### TASK ITEM
An exact reproduction of the records is required. Images must be left out.

### EXERCISE DATA
————

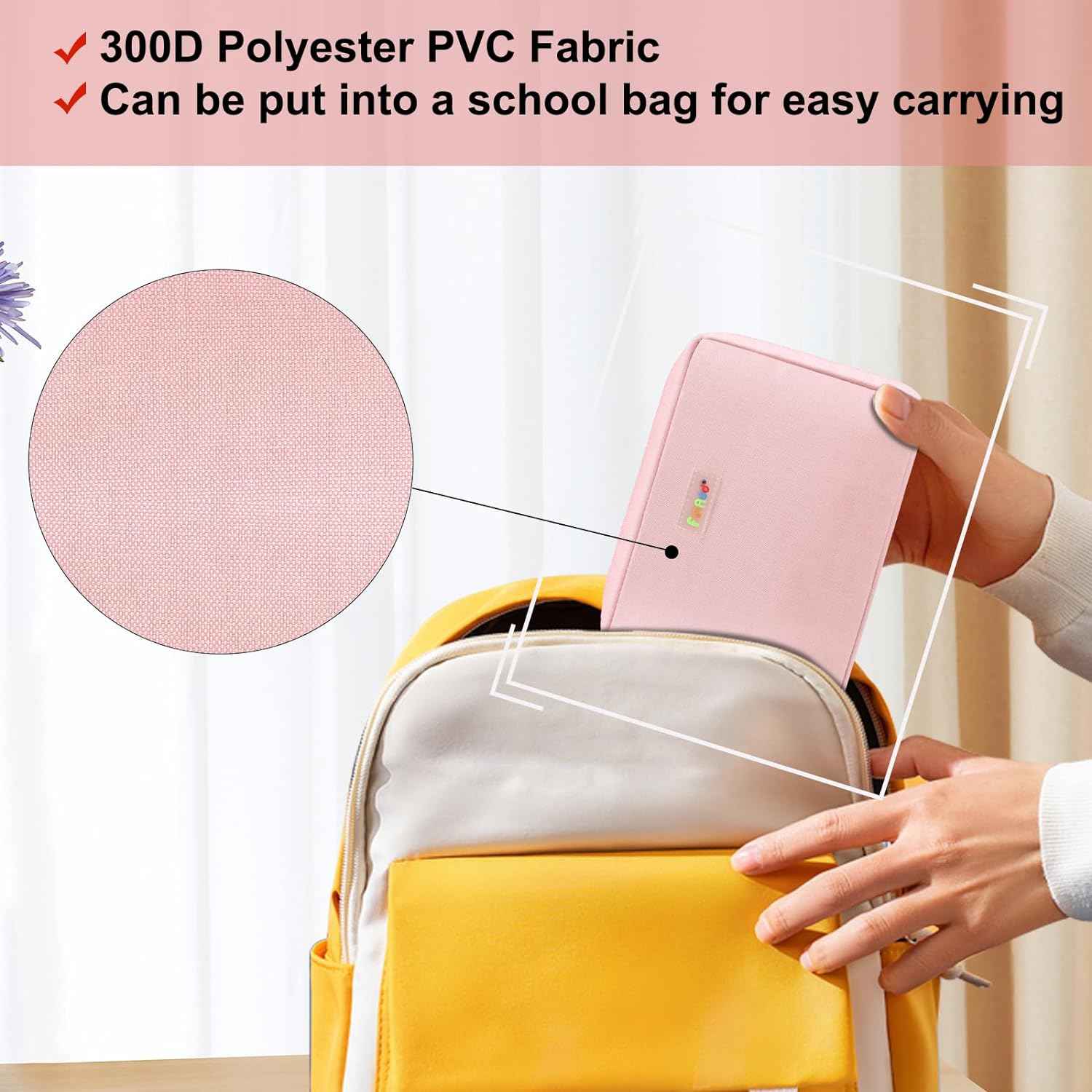 AddFun Portable Pencil Bag,Large Pencil Case for Teen Boys Girls - TTpen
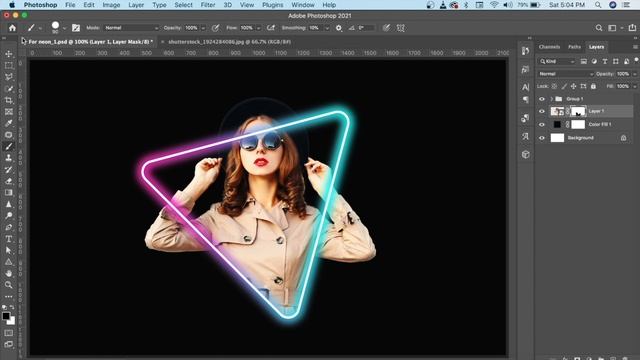Neon Light Effect Photoshop Tutorial in Hindi смотреть онлайн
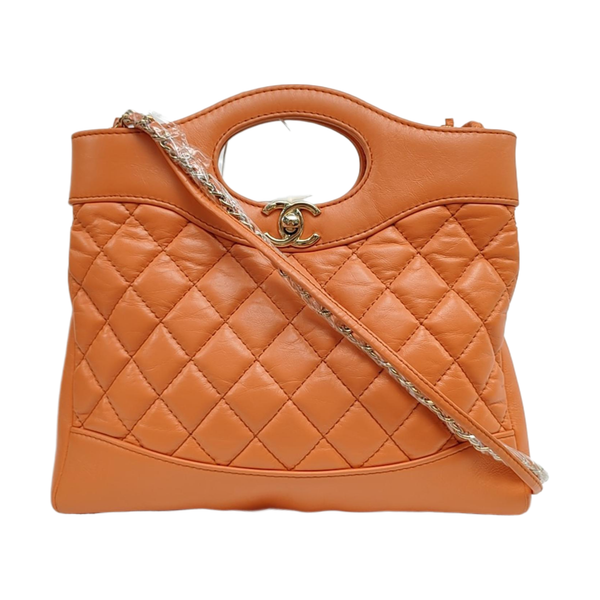 CHANEL 31 Mini Quilted Calfskin Orange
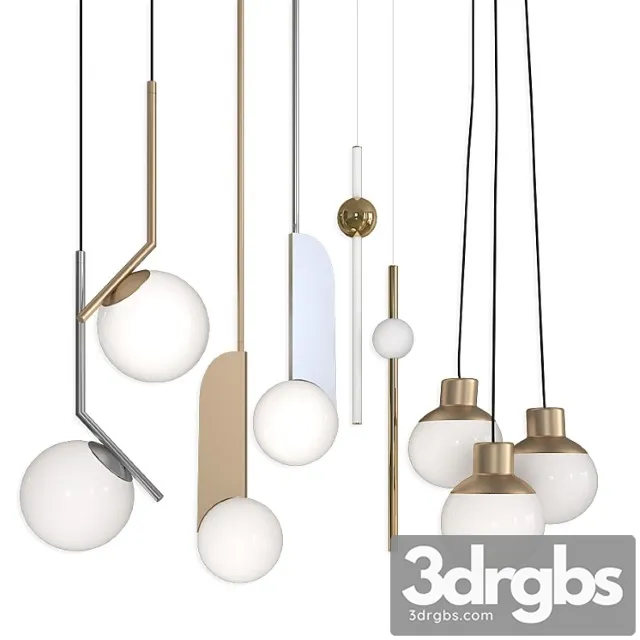 Collection pendants set 15 lampatron neo – b Lux c ball – mass light 3dsmax Download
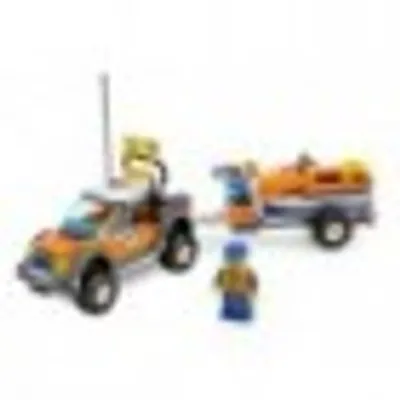 Produktbild von LEGO City 7737 - Geländewagen der Küstenwache mit Wasserjet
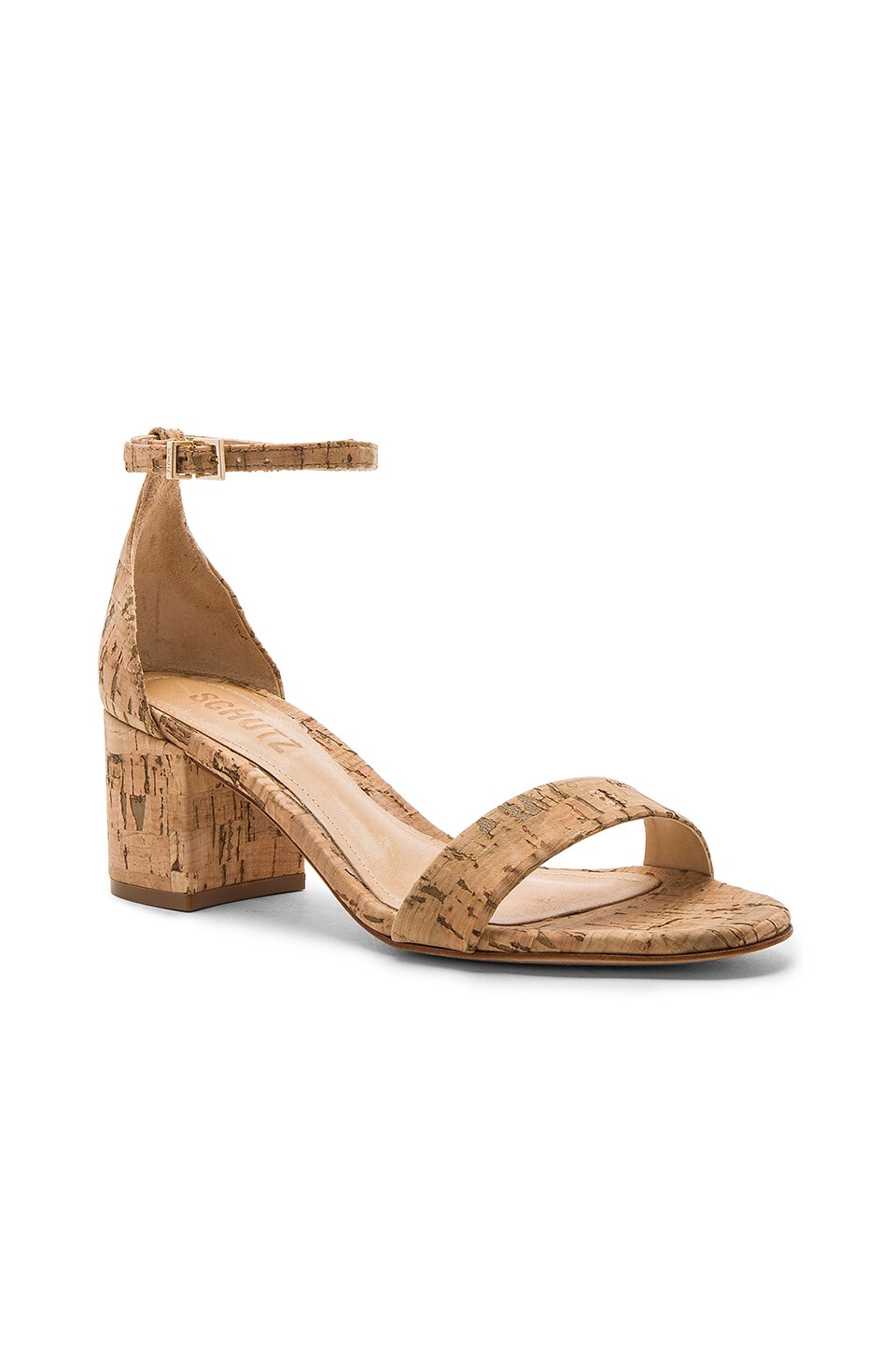 Schutz Chimes Heel in Natural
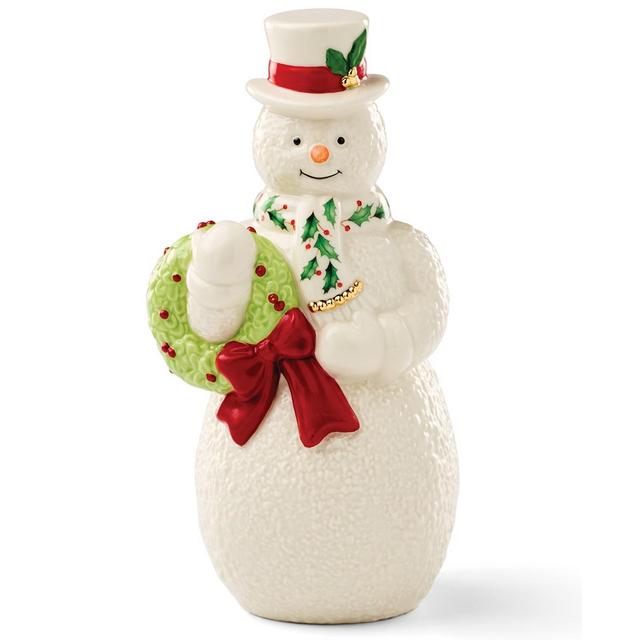 Lenox 2025 Snowman with Wreath Figurine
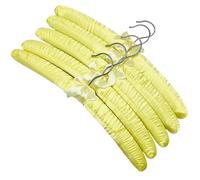 Multicolor Satin Padded Hangers5pcs Set for Coats Jackets DressesSoft NonSlip Design for Delicate FabricsElegant Wardrobe Storage Solution (Color 8)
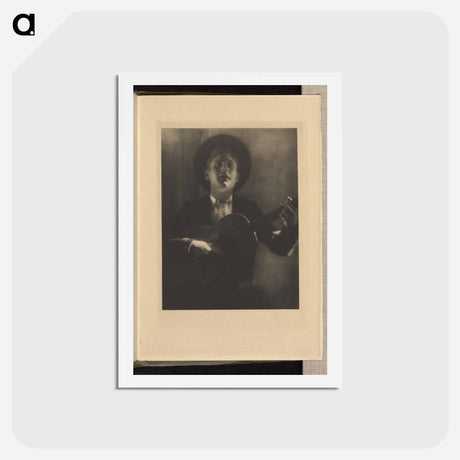 アートポストカード-Guitar Player of Seville - アルフレッド スティーグリッツ Postcard.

————

### ANSWER BOX
 AddFun Portable Pencil Bag,Large Pencil Case for Teen Boys Girls - TTpen
Neon Light Effect Photoshop Tutorial in Hindi смотреть онлайн
 CHANEL 31 Mini Quilted Calfskin Orange
 Collection pendants set 15 lampatron neo – b Lux c ball – mass light 3dsmax Download
 Produktbild von LEGO City 7737 - Geländewagen der Küstenwache mit Wasserjet
 Schutz Chimes Heel in Natural
 Lenox 2025 Snowman with Wreath Figurine
 Multicolor Satin Padded Hangers5pcs Set for Coats Jackets DressesSoft NonSlip Design for Delicate FabricsElegant Wardrobe Storage Solution (Color 8)
 アートポストカード-Guitar Player of Seville - アルフレッド スティーグリッツ Postcard.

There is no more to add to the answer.